• How to complete this task
The records that follow are to be repeated exactly, with no pictures carried over.

Records contained in a dataset
◇ ◇ ◇

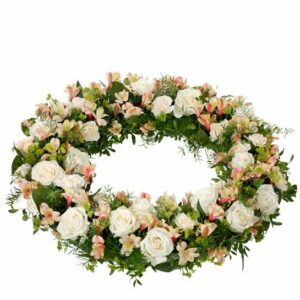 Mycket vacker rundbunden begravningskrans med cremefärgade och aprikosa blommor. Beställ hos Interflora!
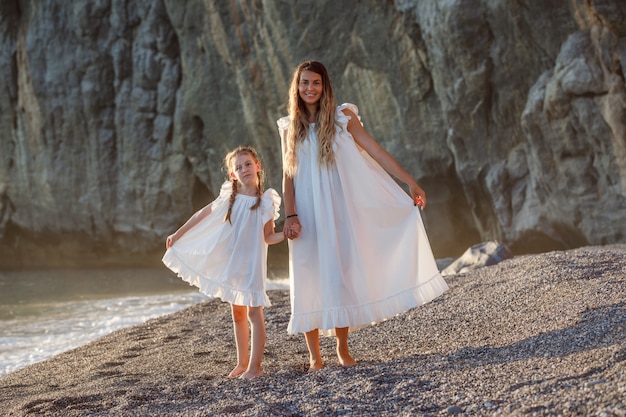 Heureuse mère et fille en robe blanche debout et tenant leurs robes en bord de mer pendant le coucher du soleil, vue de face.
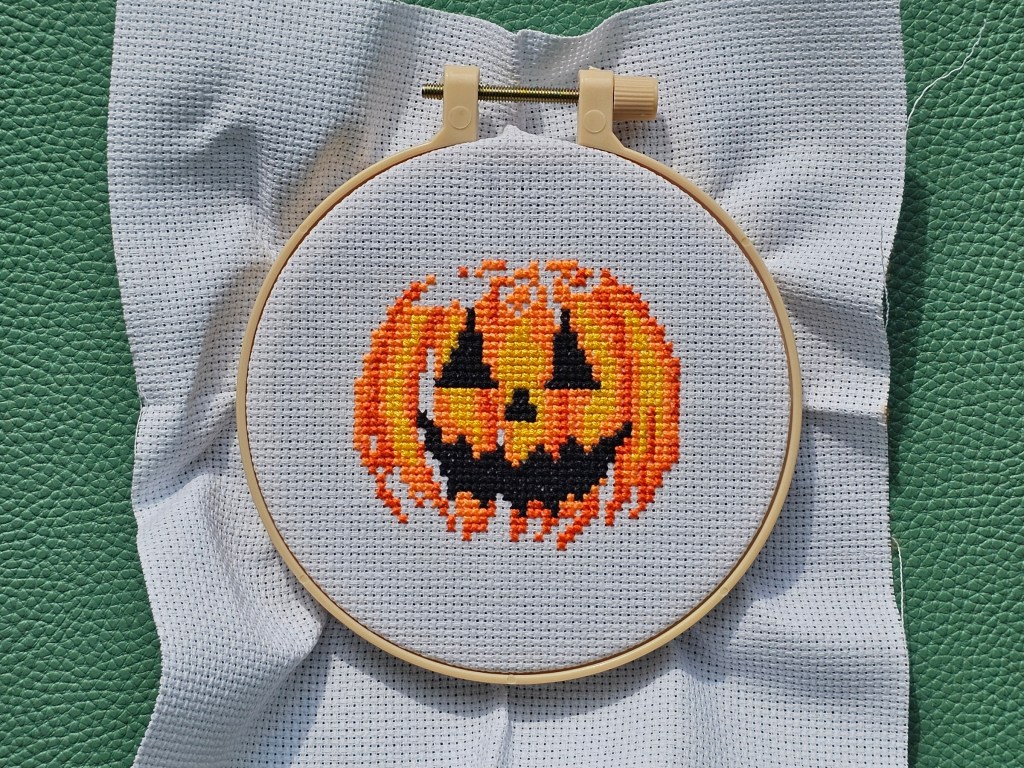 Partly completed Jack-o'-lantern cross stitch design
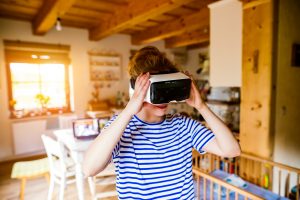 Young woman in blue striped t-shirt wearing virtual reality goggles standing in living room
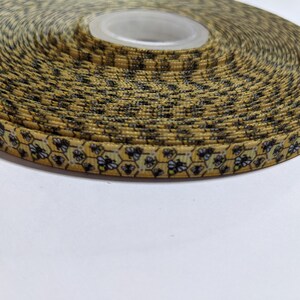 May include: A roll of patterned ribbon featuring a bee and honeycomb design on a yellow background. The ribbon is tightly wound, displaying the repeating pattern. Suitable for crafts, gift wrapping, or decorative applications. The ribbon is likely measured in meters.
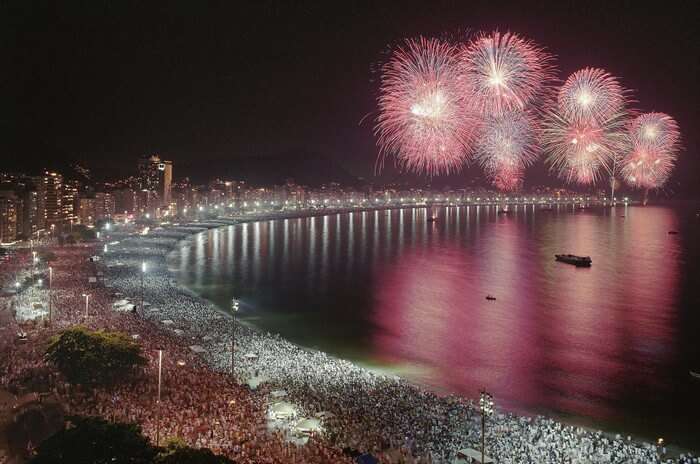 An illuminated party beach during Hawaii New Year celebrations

◇ ◇ ◇

• Exercise output
 Mycket vacker rundbunden begravningskrans med cremefärgade och aprikosa blommor. Beställ hos Interflora!
 Heureuse mère et fille en robe blanche debout et tenant leurs robes en bord de mer pendant le coucher du soleil, vue de face.
 Partly completed Jack-o'-lantern cross stitch design
 Young woman in blue striped t-shirt wearing virtual reality goggles standing in living room
 May include: A roll of patterned ribbon featuring a bee and honeycomb design on a yellow background. The ribbon is tightly wound, displaying the repeating pattern. Suitable for crafts, gift wrapping, or decorative applications. The ribbon is likely measured in meters.
 An illuminated party beach during Hawaii New Year celebrations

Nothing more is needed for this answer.